No sub 10, Steve via alguns atletas assinando contratos, recebendo chuteiras e uniformes, os treinadores do Arsenal dando constante feedback sobre o desenvolvimento das crianças, e Jamie estava fora disso tudo. “Eu estava sempre no Arsenal, mas nunca fui realmente uma parte do clube.”, disse Jamie, lembrando aquele época.

Em 2003, Steve e Jamie foram chamados para uma reunião na academia e informados que o jovem não seguiria mais no elenco. Steve logo lembrou do artigo: “Estava escrito! É o efeito da idade relativa na prática.” Ele retornou ao artigo e leu que muitas crianças que “nasceram no mês errado” não geravam grande expectativas nos treinadores e as constantes dispensas causavam uma enorme frustração neles e muitos desistiam da prática esportiva. Steve fez uma promessa a si mesmo, que não iria deixar isso acontecer com o jovem Jamie.

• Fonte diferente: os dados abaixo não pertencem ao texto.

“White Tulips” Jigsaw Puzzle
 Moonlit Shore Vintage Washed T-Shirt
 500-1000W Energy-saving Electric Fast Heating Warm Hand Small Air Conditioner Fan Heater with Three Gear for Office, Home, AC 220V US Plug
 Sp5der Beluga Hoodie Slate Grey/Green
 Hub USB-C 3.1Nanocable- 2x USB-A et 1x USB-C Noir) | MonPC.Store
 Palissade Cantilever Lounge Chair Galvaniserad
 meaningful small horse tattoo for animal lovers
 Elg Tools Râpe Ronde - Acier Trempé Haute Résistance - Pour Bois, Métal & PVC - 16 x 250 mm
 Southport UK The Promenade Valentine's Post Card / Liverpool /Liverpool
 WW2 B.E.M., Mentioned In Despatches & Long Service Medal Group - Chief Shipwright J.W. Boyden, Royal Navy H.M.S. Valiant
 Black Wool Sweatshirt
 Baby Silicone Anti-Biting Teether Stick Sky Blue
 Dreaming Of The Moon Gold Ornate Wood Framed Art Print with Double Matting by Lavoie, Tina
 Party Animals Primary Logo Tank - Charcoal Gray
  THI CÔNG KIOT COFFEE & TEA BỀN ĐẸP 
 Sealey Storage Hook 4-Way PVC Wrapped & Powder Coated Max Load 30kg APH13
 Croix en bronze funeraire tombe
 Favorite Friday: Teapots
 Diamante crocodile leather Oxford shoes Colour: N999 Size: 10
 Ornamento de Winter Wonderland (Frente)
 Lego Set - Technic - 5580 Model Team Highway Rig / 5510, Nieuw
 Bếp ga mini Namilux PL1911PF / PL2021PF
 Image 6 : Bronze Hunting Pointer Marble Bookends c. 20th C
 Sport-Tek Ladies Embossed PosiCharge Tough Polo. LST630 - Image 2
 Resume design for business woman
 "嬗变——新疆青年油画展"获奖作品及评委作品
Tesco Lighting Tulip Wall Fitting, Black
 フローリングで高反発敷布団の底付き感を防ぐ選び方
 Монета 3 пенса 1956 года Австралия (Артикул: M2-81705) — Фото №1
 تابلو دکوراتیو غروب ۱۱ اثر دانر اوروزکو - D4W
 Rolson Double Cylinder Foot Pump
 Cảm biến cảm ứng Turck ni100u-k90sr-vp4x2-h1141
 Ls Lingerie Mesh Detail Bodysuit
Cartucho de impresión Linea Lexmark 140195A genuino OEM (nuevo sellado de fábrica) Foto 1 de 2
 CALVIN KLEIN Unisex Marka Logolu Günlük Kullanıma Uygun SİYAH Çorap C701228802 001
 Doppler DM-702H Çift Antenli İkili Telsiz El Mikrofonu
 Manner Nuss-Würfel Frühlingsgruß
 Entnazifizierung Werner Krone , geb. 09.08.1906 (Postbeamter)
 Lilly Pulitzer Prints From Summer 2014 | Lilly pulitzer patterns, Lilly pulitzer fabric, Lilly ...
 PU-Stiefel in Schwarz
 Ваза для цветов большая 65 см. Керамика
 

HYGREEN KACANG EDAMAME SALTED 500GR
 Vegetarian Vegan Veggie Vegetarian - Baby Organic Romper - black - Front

Uma das ações de Steve foi redigir uma carta para a Federação Inglesa de Futebol, alertando-a dos efeitos da idade relativa. A mesma segue sem resposta até hoje. Essa carta foi a primeira de muitas, para a federação e também para a comissão européia do futebol. Esta última teve uma resposta, pedindo uma alternativa para Steve. Após vários meses desvendando o mundo da informática, ele desenvolveu um programa que calcula uma idade média, para cada time, levando em conta o mês e não só o ano de nascimento. Steve ainda aguarda uma posição da comissão.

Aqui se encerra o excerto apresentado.